A conversation with Frost Art FIU donor Alfred Allan Lewis

June 25, 2020 at 9:15am

Alfred Allan Lewis recently gifted a collection of malachite objects to Frost Art FIU on behalf of himself and his late husband, Ralph Lutrin. The couple spent years acquiring pieces while traveling around the globe, and Lewis chose the academic museum to display unique treasures.

The couple met in 1969 on the Queen Elizabeth II before it set sail for Europe. Lutrin was traveling on the vessel; Lewis was attending a party aboard the ship before it left dock. The pair quickly learned that they shared a passion for theatre, music, dance and the visual arts and their shared interests led to a dynamic life together, which included traveling and collecting malachite objects.

A former lieutenant in the Navy during World War II, Lutrin graduated Phi Beta Kappa from St.
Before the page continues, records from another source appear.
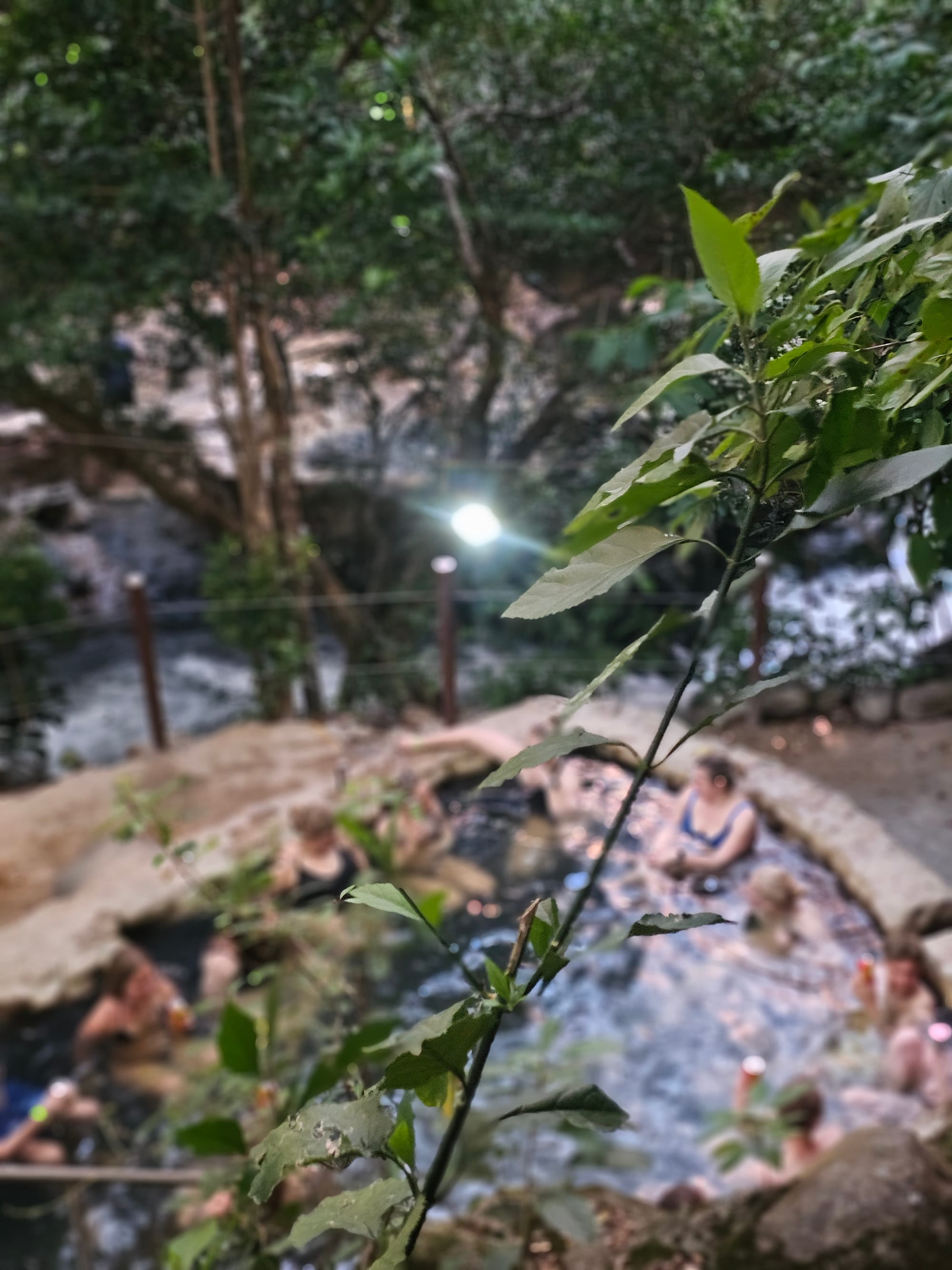 Soaking in Guanacaste’s natural hot springs after a mud bath.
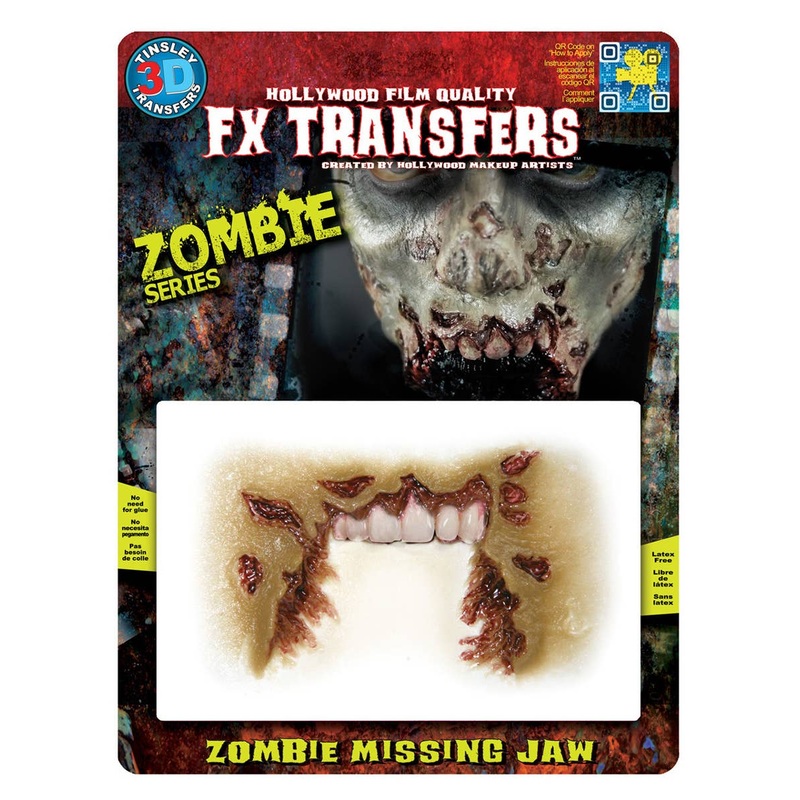 Missing Jaw Zombie Hollywood Quality 3D FX Transfer Wound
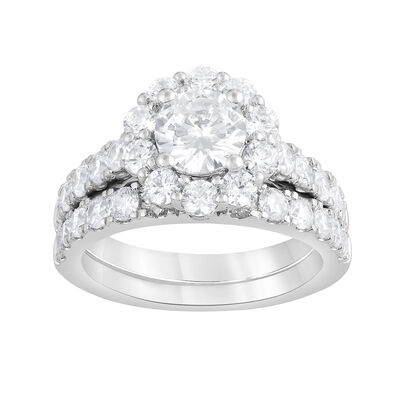 Jenna. Lab Grown Brilliant-Cut 2ctw. Halo Bridal Set in 14k White Gold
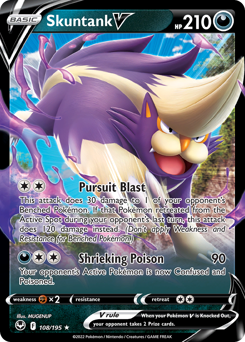 Skuntank V, Silver Tempest #108, Pokémon TCG card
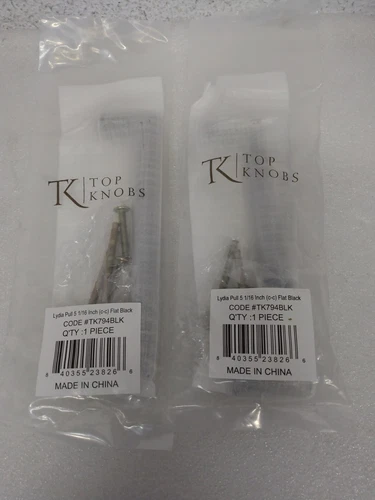Lot of 2PCs Top Knobs TK794 TK794BLK Cabinet Lydia Pull 5 1/16" (c-c) Flat Black - Picture 1 of 5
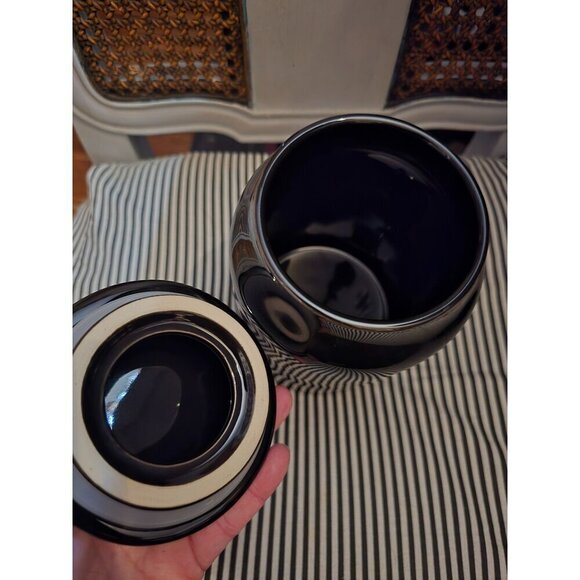 NWT Rae Dunn Halloween Dead Man's Bones Canister Black Orange - Picture 11 of 12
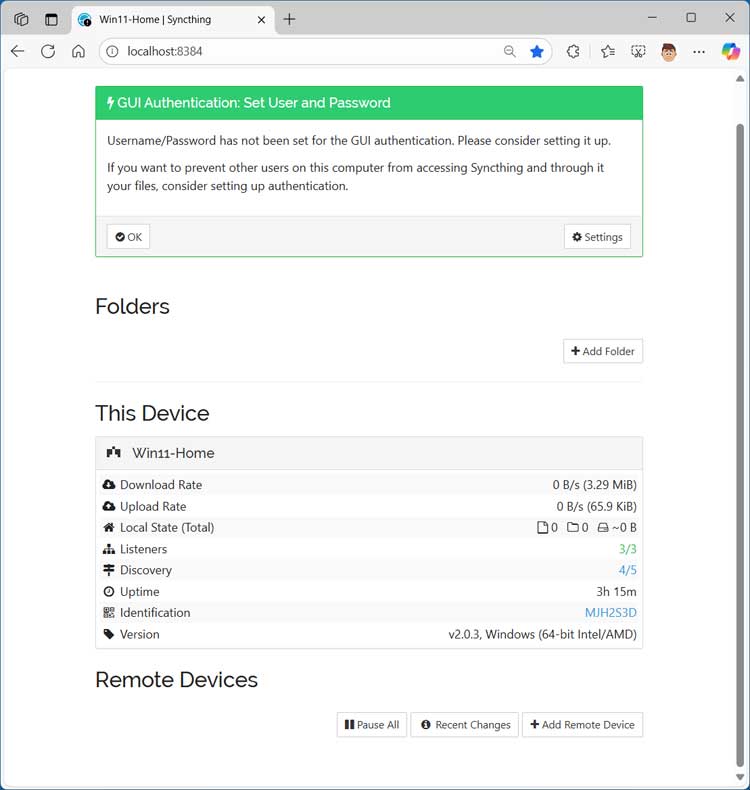 Syncthing web interface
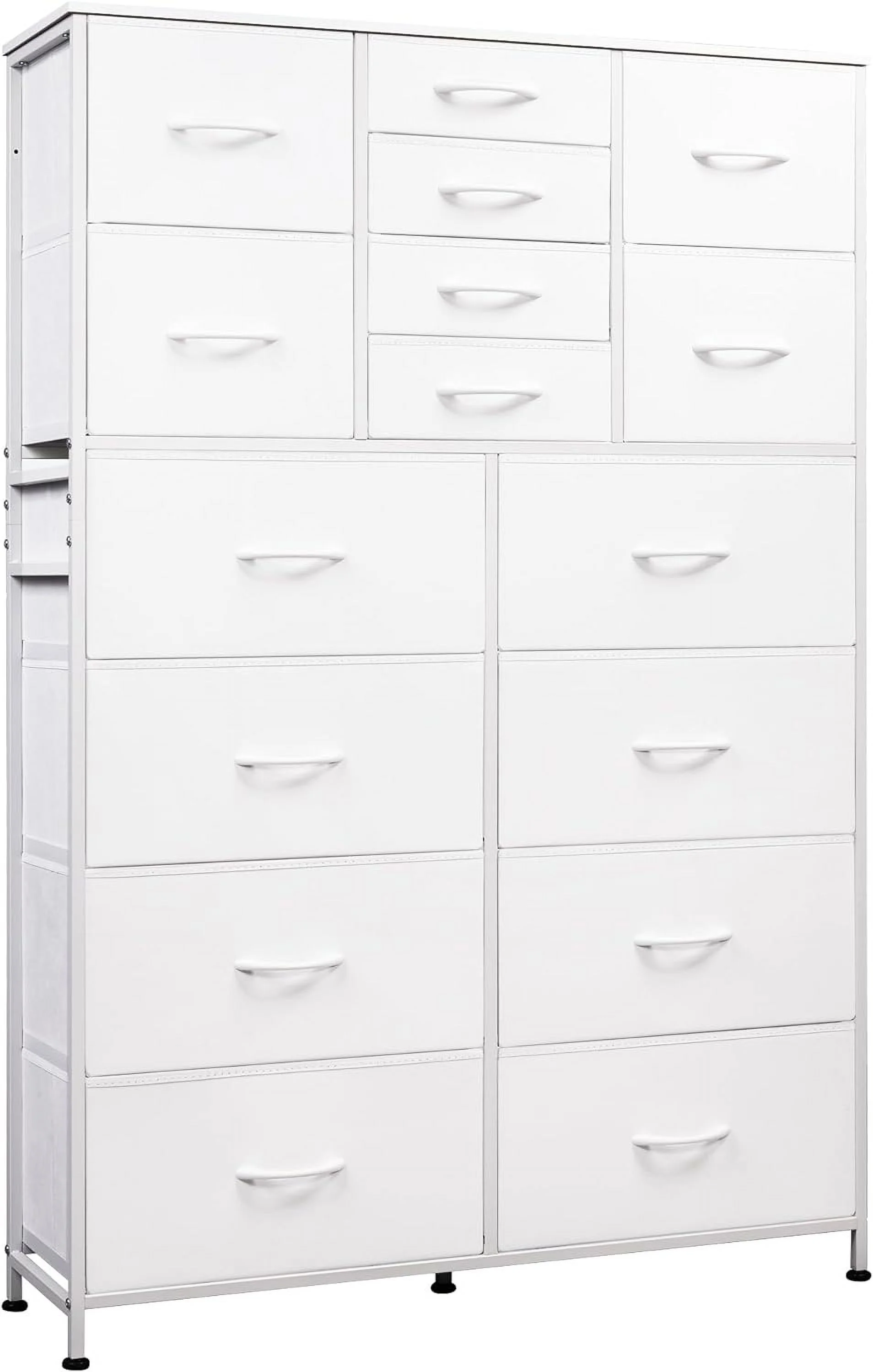 QCAI 16 Drawers Dresser, Tall Dresser for Bedroom, Closet, Hallway, Storage Dresser Organizer unit, Large Dressers & Chests of Drawers with Fabric Bins, White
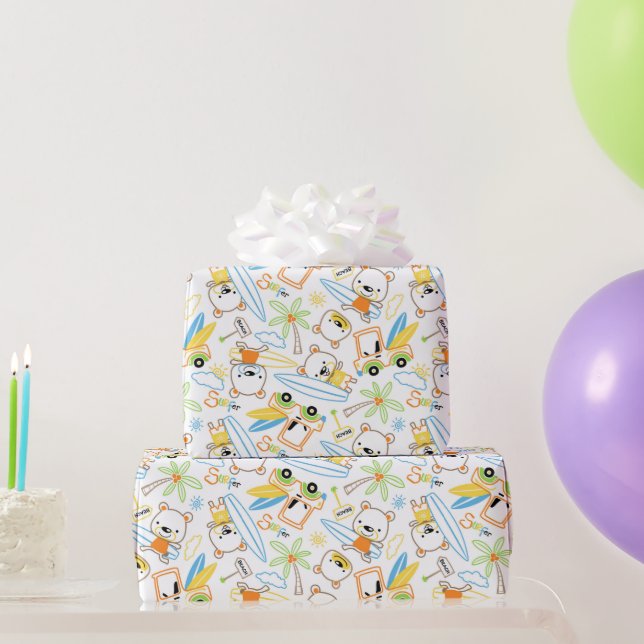 Papel De Presente Surfistas de Ursinho de Pelúcia (Presentes para festas)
Lawrence University and later received a graduate degree in social work from Fordham University. He worked for his family’s confectionary business, Louis Sherry, before selling it in 1962. His dynamic career also included the management of Wally Findlay’s—a noted art gallerist—first gallery in New York; he served as a noted lecturer and advisor to Fortune 500 companies on the issues of retirement and outplacement.

Lewis’ professional career was equally as impressive. He graduated from New York University in 1950 and is the recipient of numerous fellowships and awards, notably a Peabody nomination for his NBC “Tribute to Eugene O’Neil.” He has written books, plays and scripts for television. His books include: Three Out of Four Wives: Widowhood in America;The Evidence Never Lies: The Casebook of a Modern Sherlock Holmes; and Ladies and Not So Gentle Women. Performances of his plays featured Claudette Colbert and Anne Barter, and he has written television scripts for “Edge of Night,” “Dark Shadows,” “The Doctors,” and CBS Playhouse.

In 1990, the dynamic duo moved to Miami Beach, where Lutrin became the president of the Audrey Love Charitable Foundation, and both became actively involved in the Miami arts community. Forty-three years after initially meeting on that European cruise, and following decades of adventures as a couple, Lutrin and Lewis married in 2012.malachite-.jpg

We recently chatted with Lewis about his generous malachite gift, his impressive career and his dynamic life with Lutrin:

Tell me how your interest in Malachite began.

Ralph saw malachite while traveling in Russia and began collecting it. He went to St. Petersburg, Russia…in the Great Palace, there is a room of malachite, and he loved it. So, we began to buy malachite when we saw it, when we traveled… London or Paris or wherever. We’d see malachite in the shop, and we would buy it. It wasn't a planned thing; it just happened that way. It has a look we both loved.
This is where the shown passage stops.